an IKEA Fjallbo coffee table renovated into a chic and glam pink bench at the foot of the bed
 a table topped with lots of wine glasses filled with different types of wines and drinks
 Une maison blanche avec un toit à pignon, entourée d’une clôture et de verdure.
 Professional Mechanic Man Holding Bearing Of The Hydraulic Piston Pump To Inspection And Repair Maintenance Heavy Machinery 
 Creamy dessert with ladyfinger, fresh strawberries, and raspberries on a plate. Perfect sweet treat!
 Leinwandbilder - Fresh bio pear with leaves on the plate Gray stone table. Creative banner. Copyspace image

--------

The task requires an exact copy of all the lines above.

## [SOLUTION FOR THIS TASK]
an IKEA Fjallbo coffee table renovated into a chic and glam pink bench at the foot of the bed
 a table topped with lots of wine glasses filled with different types of wines and drinks
 Une maison blanche avec un toit à pignon, entourée d’une clôture et de verdure.
 Professional Mechanic Man Holding Bearing Of The Hydraulic Piston Pump To Inspection And Repair Maintenance Heavy Machinery 
 Creamy dessert with ladyfinger, fresh strawberries, and raspberries on a plate. Perfect sweet treat!
 Leinwandbilder - Fresh bio pear with leaves on the plate Gray stone table. Creative banner. Copyspace image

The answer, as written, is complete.